That thing does look like a beast. Start it, rip it a couple of times and the tree surrenders and falls over.

This is all I can hang on to:


----------



## Mo Heat (Dec 15, 2005)

Sears Craftsman 18". Works ok with the new chain. Chain gets loose pretty quickly. Only a manual chain brake as far as I can tell. Someday I may look for the kit snowfreak put on his saw to keep the chain tight.

Dang, katooom! Your Solo is twice the size of my first 50cc Harley Davidson M-50 motorcycle. Unlike the photo in the link, mine was blue.


----------



## drizler (Dec 15, 2005)

Husky 141.   New saw after the old one blew up due to a carb hold down nut got ingested.   Figure that one out; they said it had happened before so jus gave me a saw.    New one starts like crap when cold always.   Had to remove the limiter caps and it was better.   Nice light saw though and not too much power but seems like plenty for anything I do.  I have cut down some fairly big trees with this saw  and it handles nice when it finally gets running.
  Does anyone know how to disengage that cursed auto dump choke that the Feds pushed on all the manufacutrers.   That stupid stunt works on engines that have a fuel primer bulb but of course Husy doesn't have one of these simple functional devices.   I see they have that thing pretty well woven into the system so you can't just disconnect the spring so I am looking for ideas before I go in and reinvent the wheel.    Sad how you have to go to so much trouble to get around the government and all for nothing.  When is the last time you ran a saw for any length of time with the choke on.    That auto dump choke must have been designed by a "Suit" for sure!


----------



## wvstriper (Dec 15, 2005)

Stihl 361 20"
Poulan WildThing! 18"

I love the Stihl. Lot's of power and no vibration! The Poulan is a nice little (disposable) saw, it would be better with a 16" bar.


----------



## kkesler (Jan 22, 2006)

Homelite C5 24" bar
Stihl MS260 16" bar


----------



## Dr Bigwood (Jan 23, 2006)

I just bought a 1997 "Husquvrna 55". 18" bar. Found it on e-bay and am waiting for it to arrive from upper Michigan.  It supposedly has had a complete tune up with a new sprocket.
I hope to get a a cord of wood delivered this week so I can get it cut, split and stacked.  Gotta get crack'in! 
The Jotul Castine arrives this week.......  Getting ready to convert to wood....... Ah wood is good....
Doc


----------



## DavidV (Jan 23, 2006)

Had to read thru this to see if I hadn't already answered.

Only Chainsaw I have ever owned is a 14 inch Poulan.  3 years now.

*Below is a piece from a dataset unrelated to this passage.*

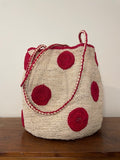 Zanatany Concepts Raffia Tote Bag - Red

I've cut so dang much wood with that thing I can't believe it's still running....and iti runs like mad.  Put a new Oregon bar and chain on it this year.  Just last week I cut a whole truck load and trailer load of 3-4 foot logs into smaller more manageab le stuff so I could split it all by hand.  I've topped trees, dropped trees, cut up stuff that's storm casualty....you name it.  Used it for construction demolition and once, late last year, I watched in horror as my sister in law used it to dig a 20' long 4" deep trench to landscape around a flower garden(thus the new chain and bar).  I keep thinking that it's definately going to drop dead now.....but it doesn't.


----------



## AKFireMan (Jan 23, 2006)

Brand new Husky 353 with a 20" bar and a Stihl 026 with an 18" bar (old faithful).   I was pleasently suprised with how well the new husqvarna works, I have been a faithful Stihl user for years.


----------



## Runs With Scissors (Jan 24, 2006)

katooom, That SOLO is N.I.C.E. !!




In no particular order of usefulness.....

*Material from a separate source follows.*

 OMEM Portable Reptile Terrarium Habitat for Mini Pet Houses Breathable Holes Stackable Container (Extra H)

 Two sears (poulan) 3.7ci. one heavily modified, cuts like a beast and Im wondering when its going to explode.... 18" 20" bars

 One Stihl 015L    Cute lil thing for when the limbs fall. 12" bar


 Homey Super XLao. Tough, dependable, loud, 18"bar


Homey SXL12 same as above but thinner and more powerfull 22"bar


 Homey Super EZao, Just for kicks

 Homey 4-20 gear drive 24" bar, Heavy, loud, ancient looking thing. Makes children cry......

 And not last nor least.....


 Homey SXL-925 . 85cc's of rip snortin, chip throwing, log devouring power, 26" and 32" bars. Makes _ADULTS_ cry. :ahhh: 
..
.


 Thats whats in current rotation, theres more in the shed waiting to be cleaned and tinkered with.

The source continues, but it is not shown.